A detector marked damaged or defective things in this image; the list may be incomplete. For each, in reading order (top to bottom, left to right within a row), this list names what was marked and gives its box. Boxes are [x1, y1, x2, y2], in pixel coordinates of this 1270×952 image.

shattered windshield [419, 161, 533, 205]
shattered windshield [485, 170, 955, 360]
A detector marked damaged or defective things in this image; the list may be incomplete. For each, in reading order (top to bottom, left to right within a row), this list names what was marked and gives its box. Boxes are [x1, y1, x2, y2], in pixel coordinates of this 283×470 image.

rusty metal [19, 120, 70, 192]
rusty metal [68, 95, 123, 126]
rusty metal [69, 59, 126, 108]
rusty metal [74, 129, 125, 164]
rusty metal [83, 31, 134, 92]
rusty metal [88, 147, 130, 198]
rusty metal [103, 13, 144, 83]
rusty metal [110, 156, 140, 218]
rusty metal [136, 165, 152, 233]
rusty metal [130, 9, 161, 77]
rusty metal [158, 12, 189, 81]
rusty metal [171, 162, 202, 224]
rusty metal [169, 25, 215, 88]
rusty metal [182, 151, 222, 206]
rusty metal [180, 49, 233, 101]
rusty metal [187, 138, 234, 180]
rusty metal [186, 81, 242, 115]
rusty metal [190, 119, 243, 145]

**Work item**
Above are the records; restate each one exactly.

**Problem solution**
A detector marked damaged or defective things in this image; the list may be incomplete. For each, in reading order (top to bottom, left to right within a row), this list names what was marked and gives its box. Boxes are [x1, y1, x2, y2], in pixel coordinates of this 1270×952 image.

shattered windshield [419, 161, 533, 205]
shattered windshield [485, 170, 955, 360]
A detector marked damaged or defective things in this image; the list may be incomplete. For each, in reading order (top to bottom, left to right within a row), this list names what was marked and gives its box. Boxes are [x1, y1, x2, y2], in pixel coordinates of this 283×470 image.

rusty metal [19, 120, 70, 192]
rusty metal [68, 95, 123, 126]
rusty metal [69, 59, 126, 108]
rusty metal [74, 129, 125, 164]
rusty metal [83, 31, 134, 92]
rusty metal [88, 147, 130, 198]
rusty metal [103, 13, 144, 83]
rusty metal [110, 156, 140, 218]
rusty metal [136, 165, 152, 233]
rusty metal [130, 9, 161, 77]
rusty metal [158, 12, 189, 81]
rusty metal [171, 162, 202, 224]
rusty metal [169, 25, 215, 88]
rusty metal [182, 151, 222, 206]
rusty metal [180, 49, 233, 101]
rusty metal [187, 138, 234, 180]
rusty metal [186, 81, 242, 115]
rusty metal [190, 119, 243, 145]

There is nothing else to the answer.